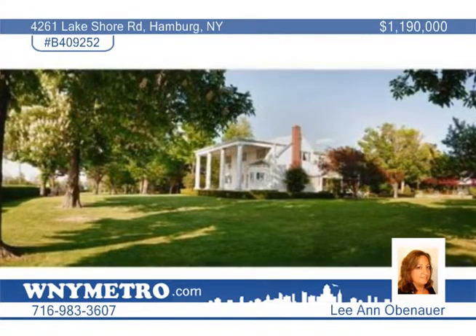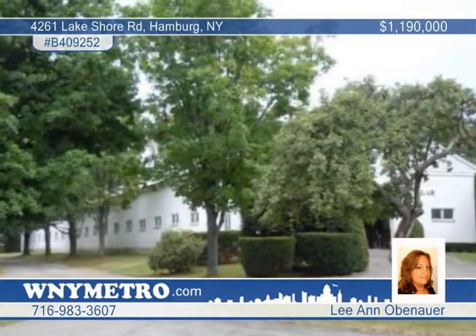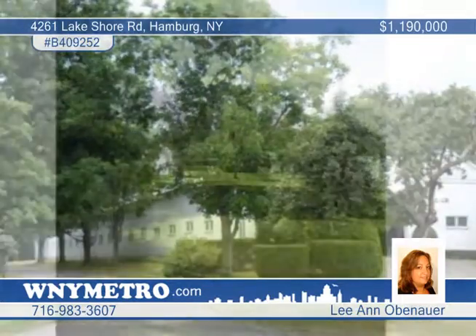Beauty and grace is yours to enjoy with this spectacular equestrian estate on the shores of Lake Erie. This is a grand Georgian colonial on eight-and-a-half park-like acres of prime real estate in the town of Hamburg.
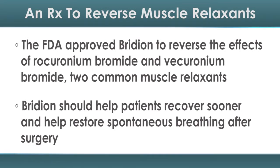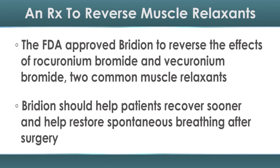That drug is called Bridiant. The US FDA approved it on December 15, 2015 to reverse the effects of rocuronium bromide and vecuronium bromide, which are often used at the start of surgeries that require surgeons to insert a breathing tube, a process called intubation.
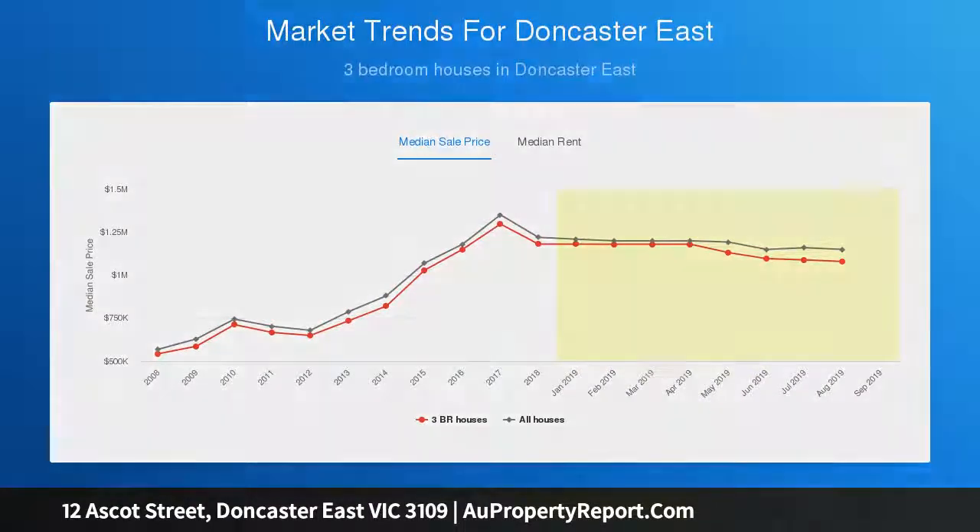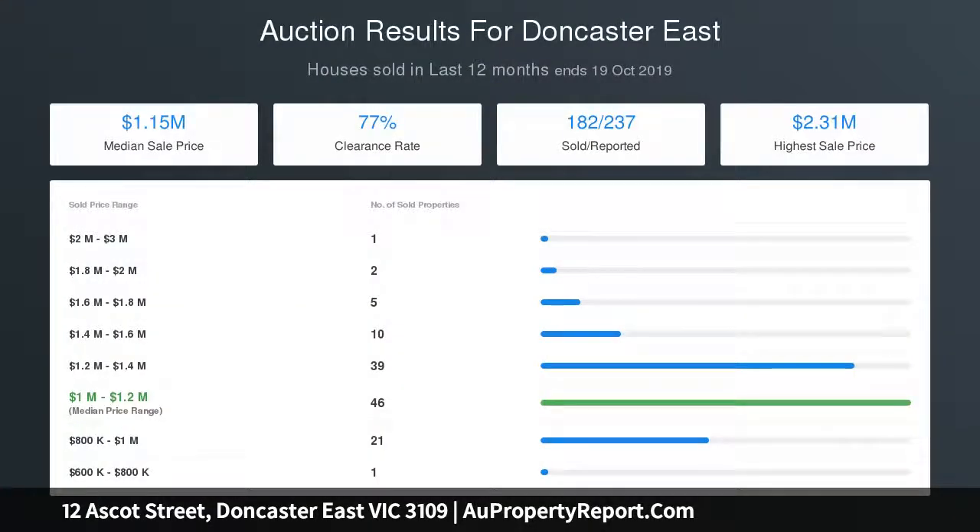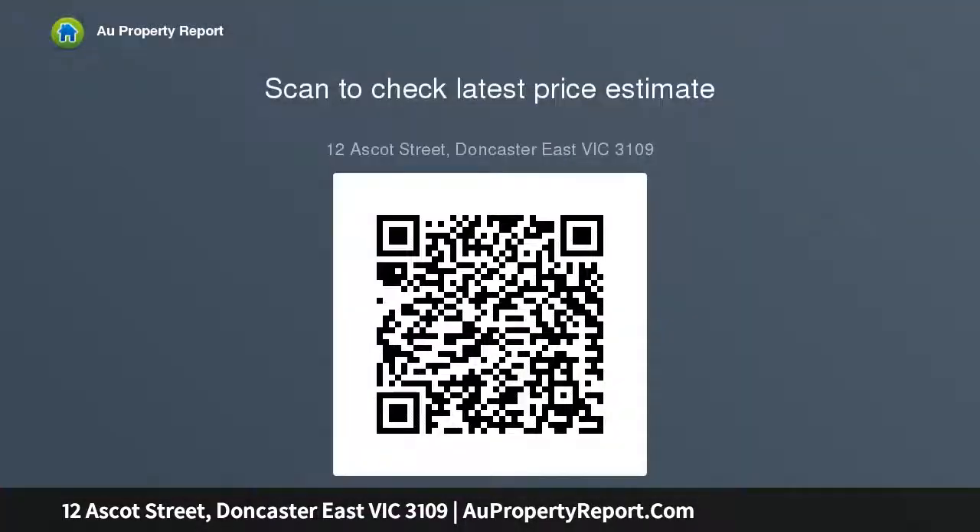The location is flawless — set on a quiet street in walking distance to Devon Plaza, Jackson Court Shops, eateries, and close to designer shopping at Westfield Doncaster. Moments to Ruffy Lake Park, walking trails, sporting grounds, school charter, city buses, freeway, and Eastlink entrance.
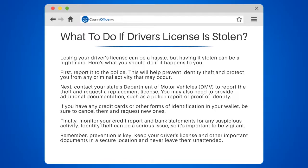First, report it to the police. This will help prevent identity theft and protect you from any criminal activity that may occur.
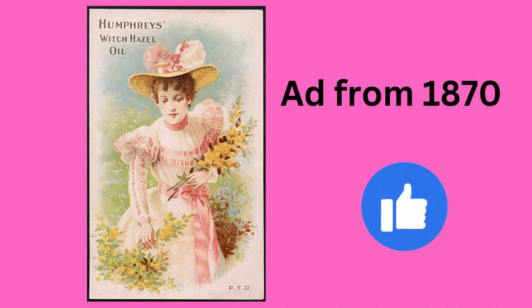Native Americans used witch hazel to treat many illnesses, including skin irritations, sore muscles, and even dysentery. It was the first mass-marketed American-made toiletry in 1846, originally named Golden Treasure. Today it is used in cleansers and astringents by large cosmetic companies like Neutrogena and L'Oreal.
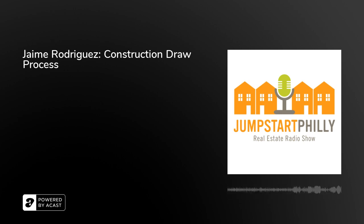Hello. You are listening to Germantown Community Radio WRGU 92.9 FM. Welcome to the Jumpstart Philly Real Estate Radio Show, a weekly radio program that spotlights positive real estate development and neighborhood revitalization throughout Philadelphia. I'm your host, Derek Hengemil.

· · · · · · ·

→ **What the exercise asks**
Except for the pictures, copy every line of the records above exactly.

→ **Written answer**
Beauty and grace is yours to enjoy with this spectacular equestrian estate on the shores of Lake Erie. This is a grand Georgian colonial on eight-and-a-half park-like acres of prime real estate in the town of Hamburg.
That drug is called Bridiant. The US FDA approved it on December 15, 2015 to reverse the effects of rocuronium bromide and vecuronium bromide, which are often used at the start of surgeries that require surgeons to insert a breathing tube, a process called intubation.
The location is flawless — set on a quiet street in walking distance to Devon Plaza, Jackson Court Shops, eateries, and close to designer shopping at Westfield Doncaster. Moments to Ruffy Lake Park, walking trails, sporting grounds, school charter, city buses, freeway, and Eastlink entrance.
First, report it to the police. This will help prevent identity theft and protect you from any criminal activity that may occur.
Native Americans used witch hazel to treat many illnesses, including skin irritations, sore muscles, and even dysentery. It was the first mass-marketed American-made toiletry in 1846, originally named Golden Treasure. Today it is used in cleansers and astringents by large cosmetic companies like Neutrogena and L'Oreal.
Hello. You are listening to Germantown Community Radio WRGU 92.9 FM. Welcome to the Jumpstart Philly Real Estate Radio Show, a weekly radio program that spotlights positive real estate development and neighborhood revitalization throughout Philadelphia. I'm your host, Derek Hengemil.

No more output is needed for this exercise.